— TASK OBJECTIVE —
The response consists of the lines from the start of the material below through the line holding "3.57ct Cushion brilliant", repeated word for word and without pictures.
GIVEN DATA: Begin
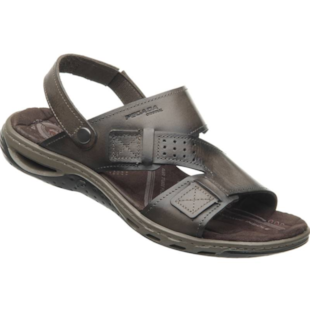 MASCULINO SANDALIA CASUAL PEGADA 131662 03 ANILINA CRAVO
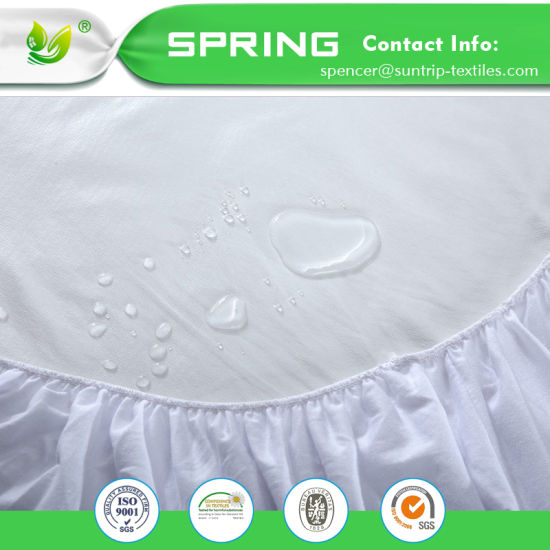 Hypoallergenic Bed Bug Proof Fitted Style Baby Crib Mattress Encasement with TPU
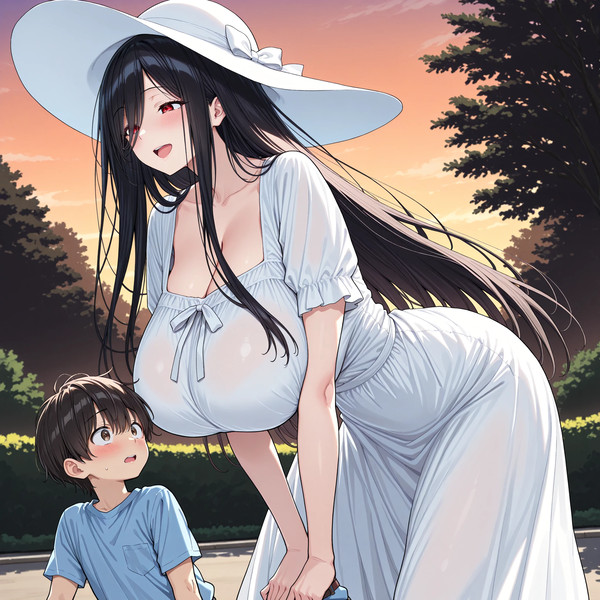 少年と八尺様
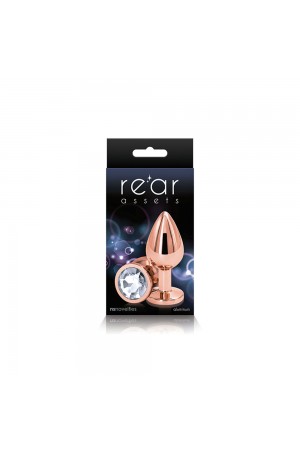 Rear Assets - Rose Gold - Medium - Clear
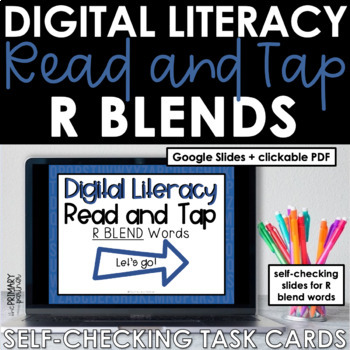 Digital Interactive Phonics Practice R Blends Distance Learning | TpT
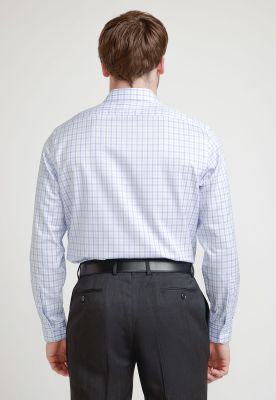 Imagen 2 del producto Camisa Hombre Formal Travel Blanco/Celeste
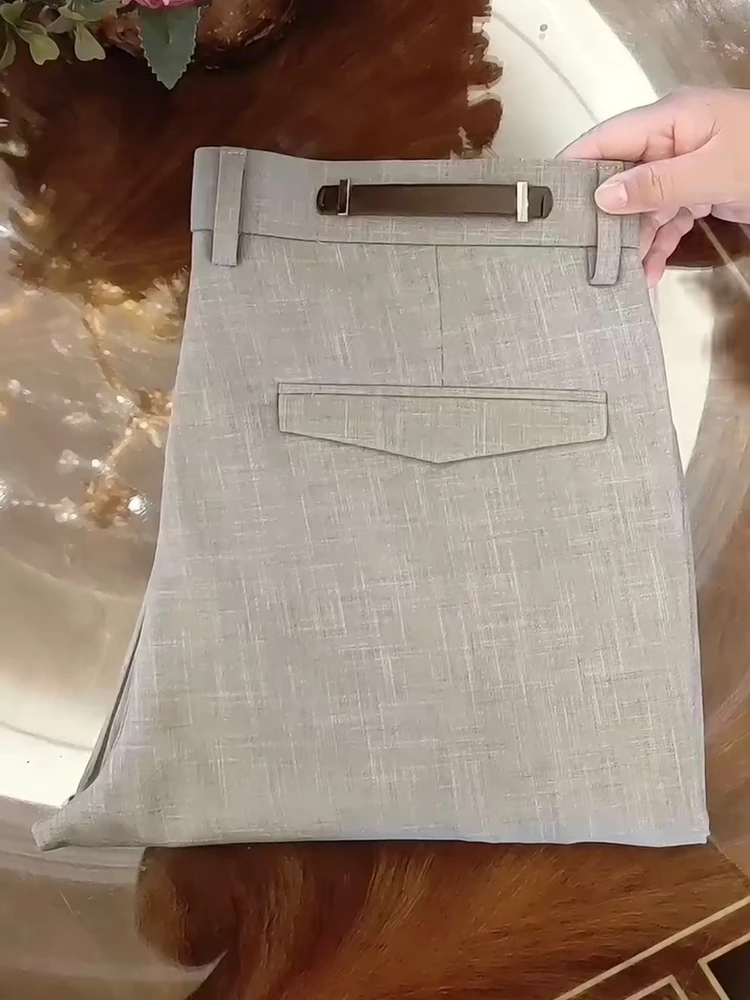 

Новые мужские повседневные брюки весна-лето, модные, высококачественные, универсальные, облегающие, антибактериальные, удобные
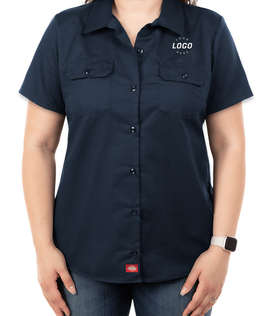 Dickies Women's Short Sleeve Work Shirt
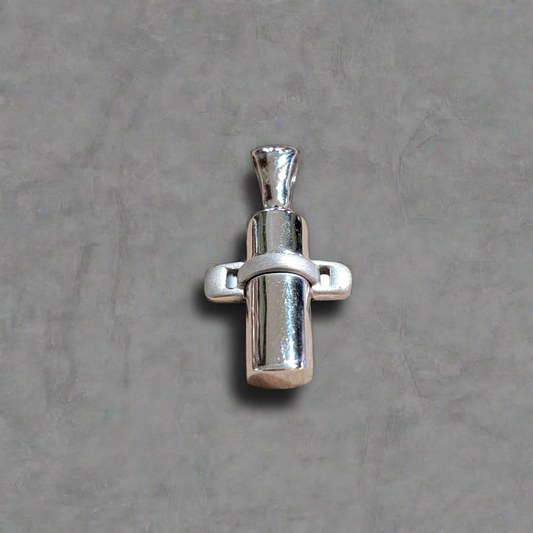 18Κ White gold cross (III)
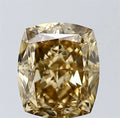 3.57ct Cushion brilliant Natural Diamond (Colour Fancy Dark Yellowish Brown, Clarity VS2, GIA Certified)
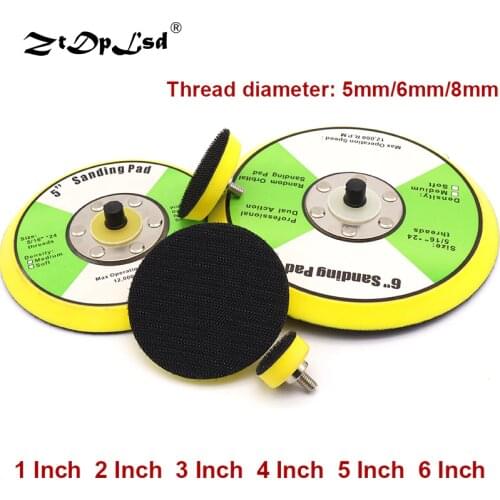1Pcs 1-6 Inch Polishing Sanding Disc Self-adhesive Suction Cup Pad Sticky Disk Sandpaper Sucker For Electric Grinder Polish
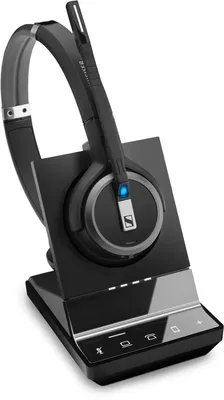 Image de EPOS | SENNHEISER IMPACT SDW 5065 - UE, Sans fil, Bureau / centre d'appels, 20 - 20 000 Hz, 136 g, Casque avec microphone, Noir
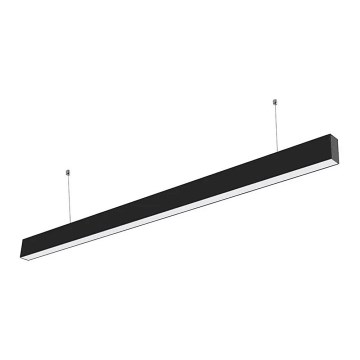 LED Висящ полилей SAMSUNG CHIP LED/40W/230V 3000K черен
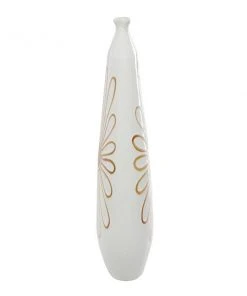 Grayson Lane Coastal Style Vase - White Ceramic - 22-in X 12-in x 5-in -GRAYSON LANE shop 330858240 AlternateImage4 l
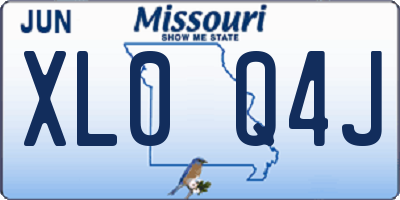 MO license plate XL0Q4J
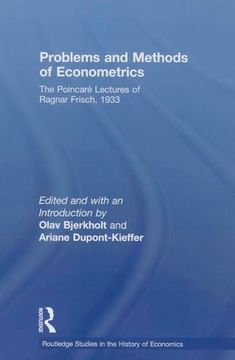 portada Problems and Methods of Econometrics (Routledge Studies in the History of Economics)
GIVEN DATA: End
— WRITTEN SOLUTION —
 MASCULINO SANDALIA CASUAL PEGADA 131662 03 ANILINA CRAVO
 Hypoallergenic Bed Bug Proof Fitted Style Baby Crib Mattress Encasement with TPU
 少年と八尺様
 Rear Assets - Rose Gold - Medium - Clear
 Digital Interactive Phonics Practice R Blends Distance Learning | TpT
 Imagen 2 del producto Camisa Hombre Formal Travel Blanco/Celeste

Новые мужские повседневные брюки весна-лето, модные, высококачественные, универсальные, облегающие, антибактериальные, удобные
 Dickies Women's Short Sleeve Work Shirt
 18Κ White gold cross (III)
 3.57ct Cushion brilliant Natural Diamond (Colour Fancy Dark Yellowish Brown, Clarity VS2, GIA Certified)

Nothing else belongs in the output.